另一方面，第3段和第4段的用户花费较少，因此节省的也较少。但是，在所有4个细分受众群中，细分受众群4用户的每位用户交易比例最高(平均每位用户超过9笔交易)。这是转化率最高的用户群体。

每个细分市场中的用户总数和交易数量是多少？ (What were the total number of users and the number of deals availed in each segment?)

Here is the total number of users and deals each segment users had availed.

这是每个细分用户可用的用户总数和交易数。

57% of users belonged to segment 3 and only 3% of users were from the most converted segment (i.e segment 4).

57％的用户属于第3部分，而只有3％的用户来自转化率最高的部分(即第4部分)。

总体用户支出是多少？ (What were overall users spending?)

Here is the spread of spending by each segment

这是每个细分受众群的支出分布

Some of the users from segment 4 had high spending (yellow dots in segment 4) similar to segment 1 and 2 but segment 3 (which comprise of 57% of the users) didn't go for high spending deals and/or brands at all.

第4部分的一些用户具有较高的支出(第4部分中的黄点)，类似于第1和第2部分，但第3部分(占57％的用户)根本没有进行高支出的交易和/或品牌推广。

每个细分市场用户偏好的品牌类型？ (Type of brand each segment users preferred?)

Let’s look at what type of brand these segment users avail to understand any distinction in them.
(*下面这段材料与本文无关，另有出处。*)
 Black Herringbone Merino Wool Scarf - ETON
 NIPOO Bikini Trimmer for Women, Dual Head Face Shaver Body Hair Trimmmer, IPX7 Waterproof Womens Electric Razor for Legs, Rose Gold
让我们看看这些细分用户可以使用哪种类型的品牌来理解他们之间的任何区别。

Segment 1 users had availed mix of burger, pizza and fun time, Segment 2 users had availed pizza and segment 3 users had preferred burgers. While Segment 4 users (most converted users) preferred juices and other types of brands.

第1部分用户使用了汉堡，比萨饼和娱乐时间，第2部分用户使用了比萨饼，第3部分用户则选择了汉堡。而第4类用户(转化最多的用户)则更喜欢果汁和其他类型的品牌。
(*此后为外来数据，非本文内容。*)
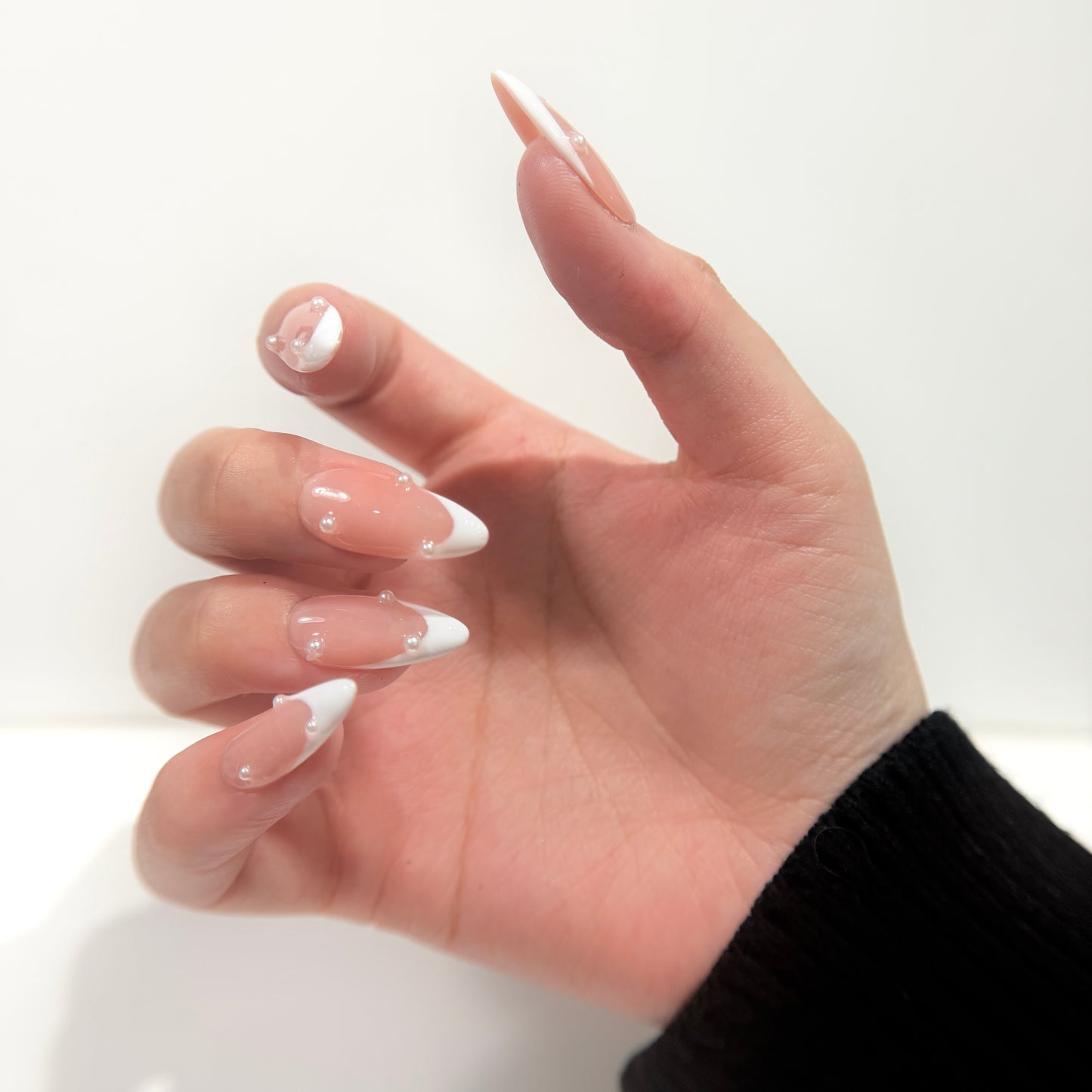 Nude Jelly Pearl French Tip Press On Nails - 3D Pearl Drops - Engagement Nails - Brial Wedding Press On - Custom Size Set - NM233007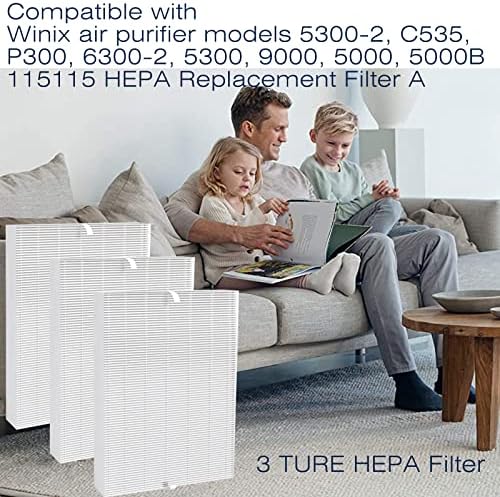 Заменяеми филтър Allisfresh 115115 Size 21 True HEPA, съвместим с почистване на въздуха Winix 115115 PlasmaWave C535 C909, 5300, 6300, 5300-2, P300 и Fellowes 290 300 DX95, 3 комплекта HEPA-филтър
每个细分市场都有哪些品牌？ (What brands each segment availed?.)

Here are the top 10 brands these segmented users had availed.

以下是这些细分用户所使用的十大品牌。

Looking at the brands we can comprehend what type of brand and deals these segment users would prefer. Segment 1 & 2 users (high paying users) had availed premium brands such as Sajjad, kababi, Charcoal, California, etc while segment 3 and 4 (low paying users) had mostly opted in for medium to low tier brands.

通过查看品牌，我们可以了解哪些类型的品牌以及这些细分用户希望的交易。第1段和第2段用户(高收入用户)曾使用过Sajjad，kababi，木炭，加利福尼亚等高级品牌，而第3段和第4段(低收入用户)则大多选择了中低档品牌。

如何运用这些结果？ (How these results can be employed?)

Based on different user segments we can:

根据不同的用户群，我们可以：

1- Targeted Ads Personalize ads for each segment would increase the conversion rate as users are more likely to convert on specific brands and offers. So, for example, show Sajjad’s ads to users with higher-paying power then to users with low paying power.

1-定位广告 每个细分受众群的个性化广告将提高转化率，因为用户更有可能转化为特定品牌和优惠。因此，例如，向高支付能力的用户展示Sajjad的广告，然后向低支付能力的用户展示。

2- In-app RecommendationsOptimize the app to recommend deals and discounts within the app that each segment users would be more interested in.

2-应用内推荐优化应用，以推荐每个细分市场用户更感兴趣的应用内交易和折扣。

摘要 (Summary)

To sum up, with data and proper efforts we were able to identify interesting information about users and their liking and were able to strategies how to engage users more based on their preferences.

综上所述，通过数据和适当的努力，我们能够识别出有关用户及其喜好的有趣信息，并能够根据用户的喜好来制定如何与用户进行更多互动的策略。